Packaging

Extraction plugins are packaged as OCI images (also known as Docker images). The OCI images are labeled with the PluginInfo. To automate packaging of a Python plugin and labeling the OCI image, the Extraction Plugin SDK comes with two utility applications: label_plugin, and the deprecated build_plugin.

To package a plugin, make sure that the Extraction Plugins SDK is installed, as well as Docker. Next build and label your plugin as described in the following sections.

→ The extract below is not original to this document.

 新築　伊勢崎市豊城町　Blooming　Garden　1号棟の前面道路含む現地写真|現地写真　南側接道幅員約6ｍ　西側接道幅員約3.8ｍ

To verify that the image has been built, use the following command to view all local images:

docker images

Once your plugin is packaged and labelled, it can be published or ‘uploaded’ to Hansken. See “Upload the plugin to Hansken” for instructions.

label_plugin

label_plugin is a utility to add labels to an extraction plugin image. To label a plugin, first build the plugin image with docker build; for example by using one of the following commands:

docker build . -t my_plugin
docker build . -t my_plugin --build-arg https_proxy=http://your_proxy:8080

Next, run the label_plugin utility to label the build plugin container:

label_plugin my_plugin

This utility will briefly start your plugin using Docker, and requests the PluginInfo from the plugin. The information from the PluginInfo will be added as labels to the plugin image. The result of label_plugin is a plugin image that can be published to a docker/OCI image registry.

build_plugin

Warning

This method is deprecated! label_plugin is preferred over build_plugin, as it does not require a full (virtual) environment with all plugin dependencies and resources. This is especially preferred when the plugin uses (big) data models or (external) dependencies.

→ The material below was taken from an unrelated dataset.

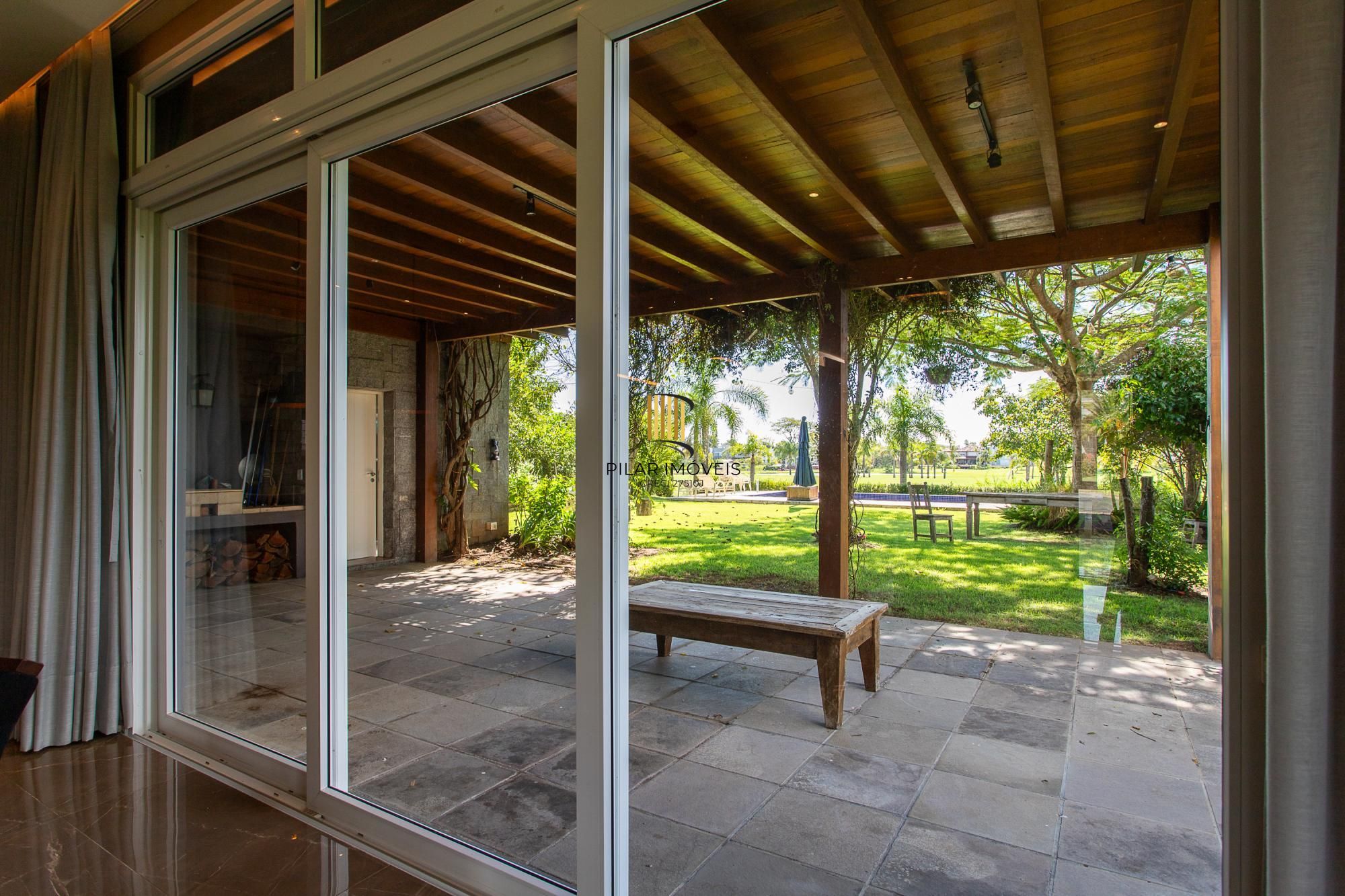 Casa de Condomínio 4 dormitórios no bairro Terraville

The build_plugin script will take your plugin file and Docker-file directory as input, and build the plugin and label the generated image.

To build your plugin container image you can use the following command:

build_plugin PLUGIN_FILE DOCKER_FILE_DIRECTORY [DOCKER_IMAGE_NAME] [DOCKER_ARGS]

For example:

build_plugin chatplugin.py . chatplugin --build-arg http_proxy="$http_proxy" --build-arg https_proxy="$https_proxy"

This will generate a plugin image:

  • The extraction plugin is added to your local image registry (docker images),

  • Note that the variables $http_proxy and $https_proxy are put in quotes, this is needed in case they contain spaces,

  • The image is tagged with two tags: latest, and your plugin version.

Arguments:

  • PLUGIN_FILE: Path to the python file of the plugin.

  • DOCKER_FILE_DIRECTORY: Path to the directory containing the Dockerfile of the plugin.

  • (Optional) DOCKER\_IMAGE\_NAME: Name of the docker image without tag. Note that docker image names cannot start with a period or dash. If it starts with a dash, it will be interpreted as an additional docker argument (see DOCKER_ARGS). If no name is given the name defaults to extraction-plugin/PLUGINID, e.g. extraction-plugin/nfi.nl/extract/chat/whatsapp.

  • (Optional) DOCKER\_ARGS: Additional arguments for the docker command, which can be as many arguments as you like.